Instructions to follow:
Leave out the pictures and print the rest of the entries exactly as they stand.

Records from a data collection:
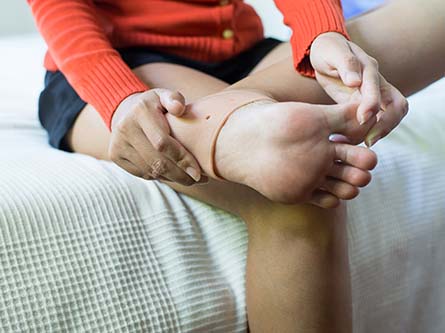 person rubbing the arch of their foot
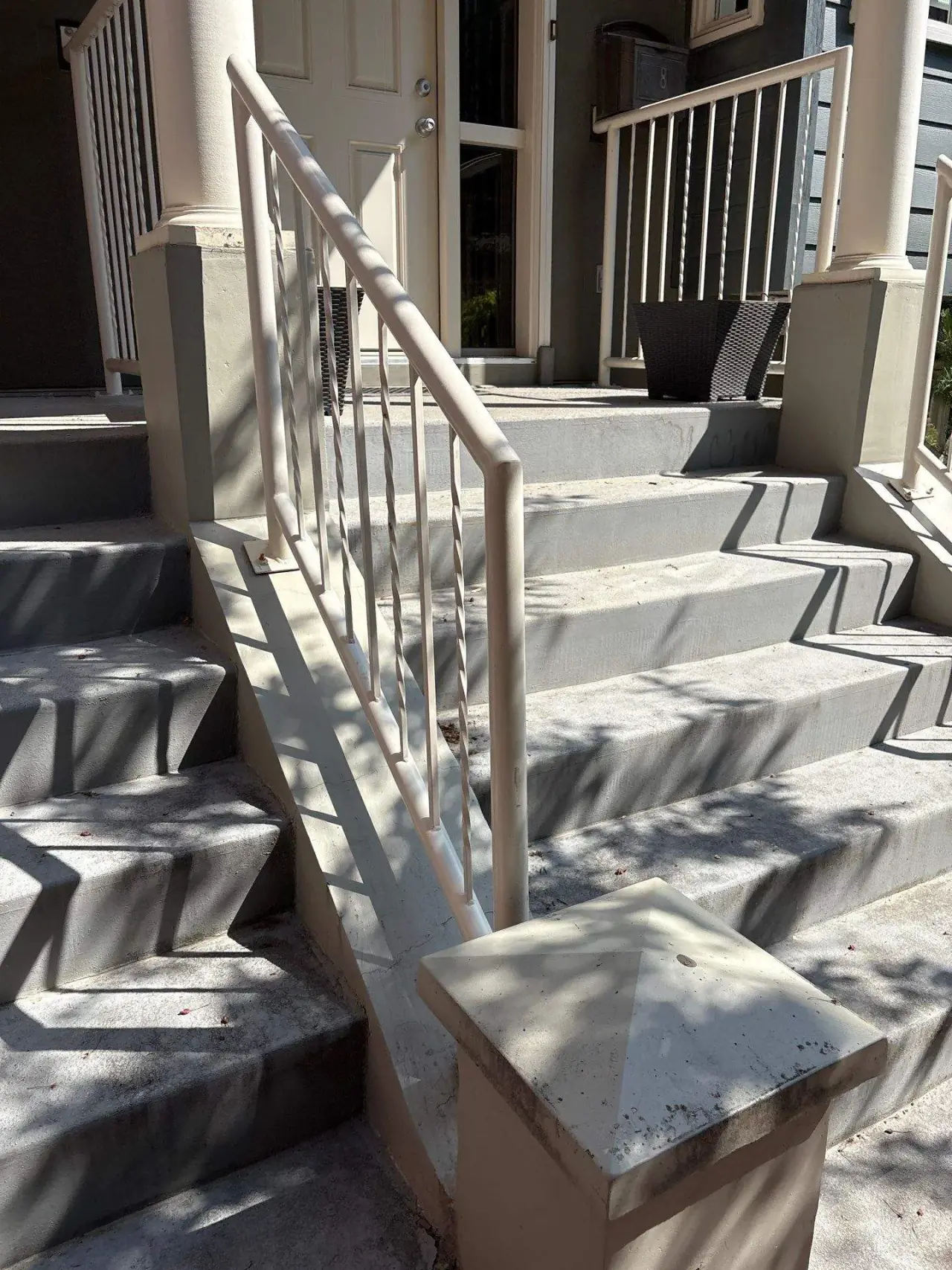 Aged stucco on columns, walkway and stairs before repair
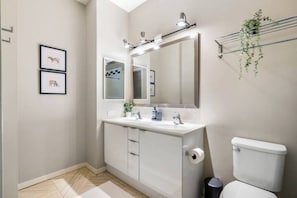 You feel a sense of calm as you enter the bathroom, where the thoughtful design and high-quality materials create a serene environment.
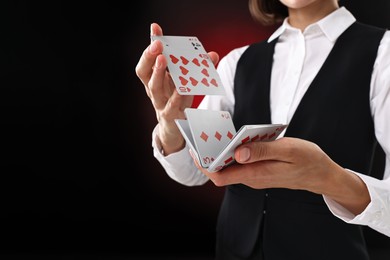 Photo of Professional croupier shuffling cards on dark red background, closeup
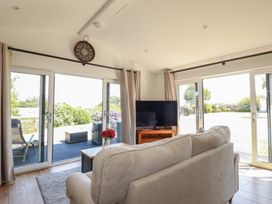 A living room with a television and a sofa at Wisteria Lodge in Redruth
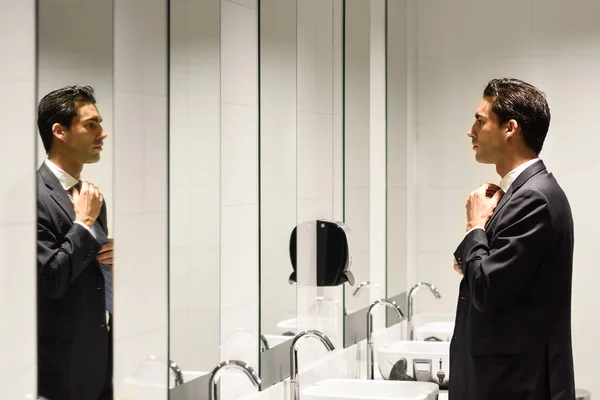 Hombre vistiéndose en un baño público con espejo —  Fotos de Stock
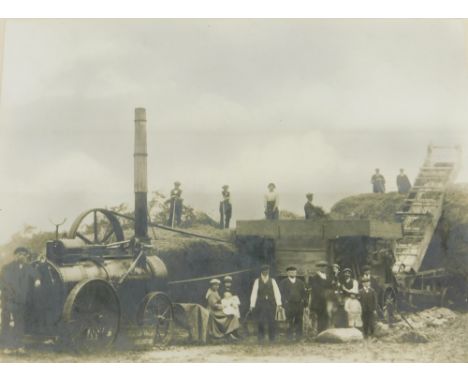 An early 20thC photograph, of a Lincolnshire field with a Caterpillar tractor, possibly Rustons, and farm hands, 15cm x 20cm,
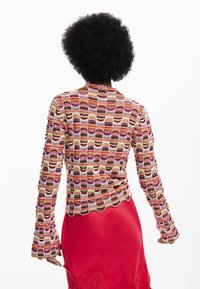 Kolorowa, długorękawowa dzianinowa bluzka z falistym wzorem w odcieniach różu, czerwieni i kremu, o dopasowanym kroju i rozszerzanych mankietach.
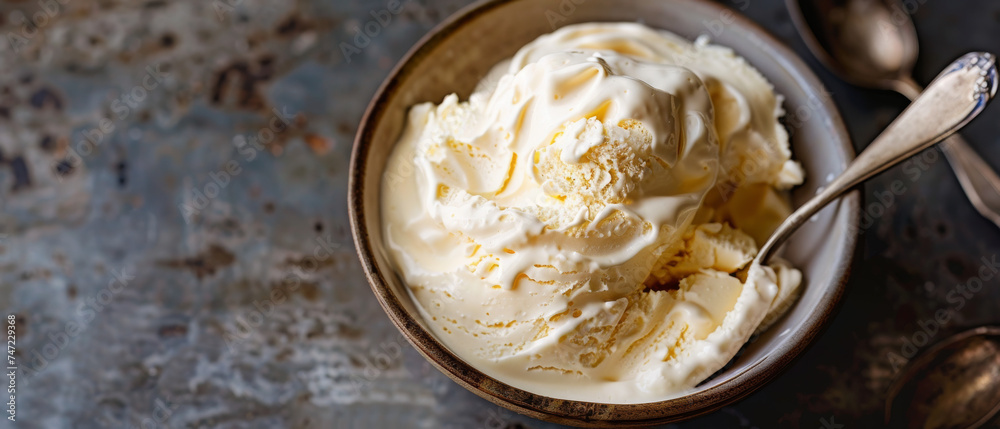 High angle view of delicious vanilla ice cream served in a ceramic bowl with vintage spoons on an old wooden table High angle view of delicious vanilla ice cream served in a ceramic bowl with vintage spoons on an old wooden table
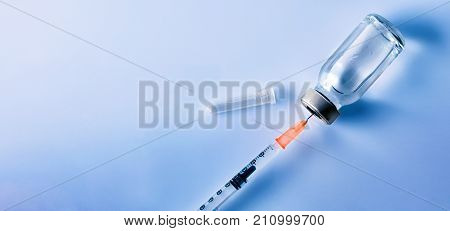Vial With Punctured Syringe Close Up With Blue Background
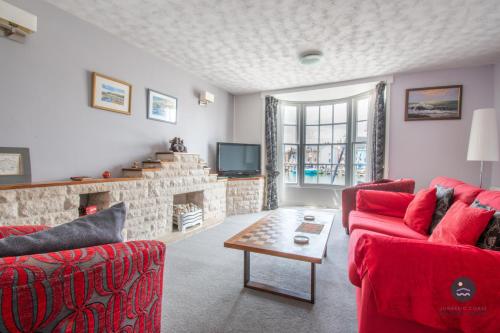 a living room with two red chairs and a fireplace at 14 Nothe Parade - Waterfront Holiday Cottage in Weymouth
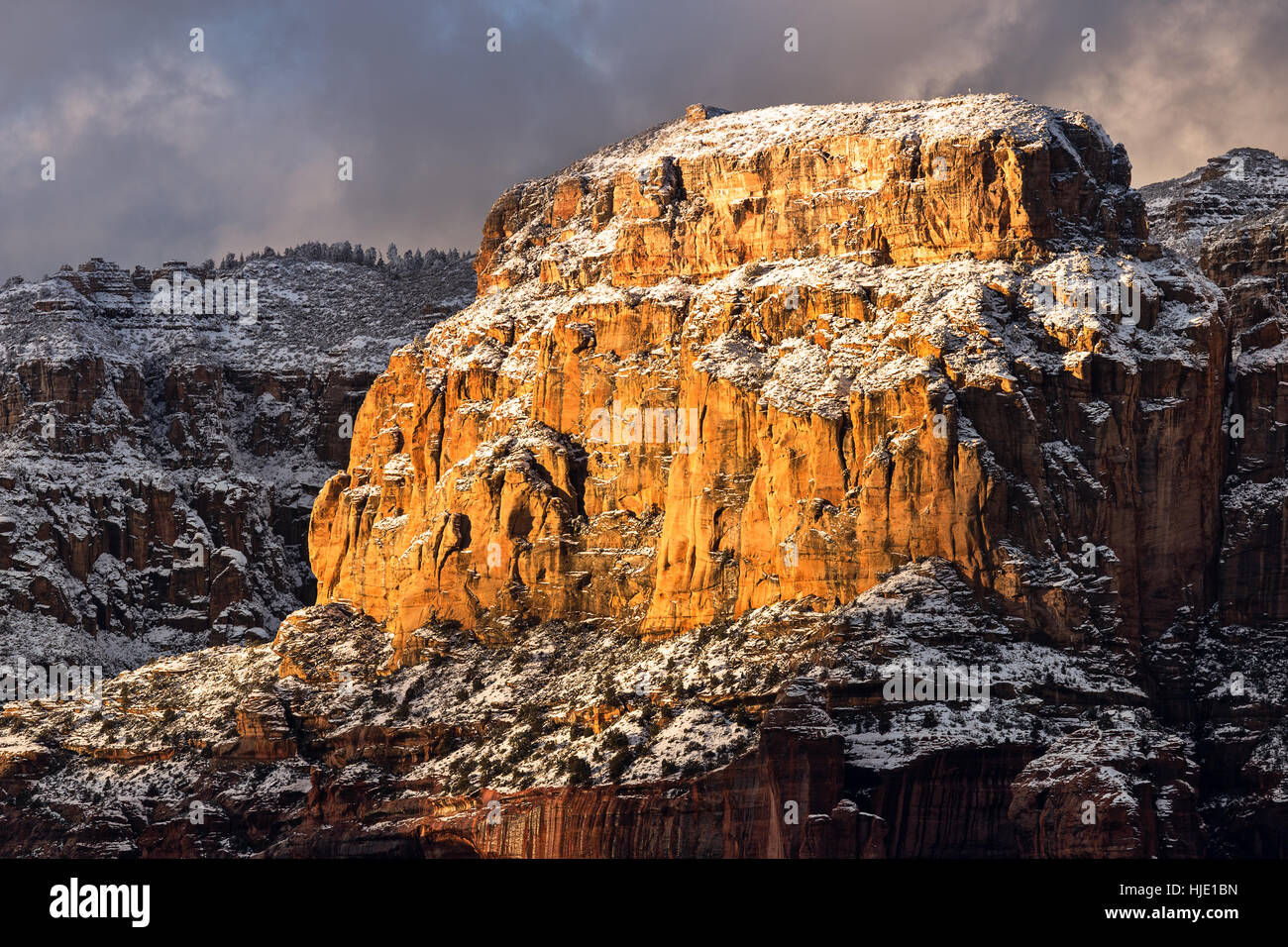 Dramatisches Sonnenlicht auf schneebedeckten Felsformationen in Sedona, Arizona Stockfoto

Completed exercise:
 person rubbing the arch of their foot
 Aged stucco on columns, walkway and stairs before repair
 You feel a sense of calm as you enter the bathroom, where the thoughtful design and high-quality materials create a serene environment.
 Photo of Professional croupier shuffling cards on dark red background, closeup
 A living room with a television and a sofa at Wisteria Lodge in Redruth
 Hombre vistiéndose en un baño público con espejo —  Fotos de Stock
 An early 20thC photograph, of a Lincolnshire field with a Caterpillar tractor, possibly Rustons, and farm hands, 15cm x 20cm,
 Kolorowa, długorękawowa dzianinowa bluzka z falistym wzorem w odcieniach różu, czerwieni i kremu, o dopasowanym kroju i rozszerzanych mankietach.
 High angle view of delicious vanilla ice cream served in a ceramic bowl with vintage spoons on an old wooden table High angle view of delicious vanilla ice cream served in a ceramic bowl with vintage spoons on an old wooden table
Vial With Punctured Syringe Close Up With Blue Background
 a living room with two red chairs and a fireplace at 14 Nothe Parade - Waterfront Holiday Cottage in Weymouth
 Dramatisches Sonnenlicht auf schneebedeckten Felsformationen in Sedona, Arizona Stockfoto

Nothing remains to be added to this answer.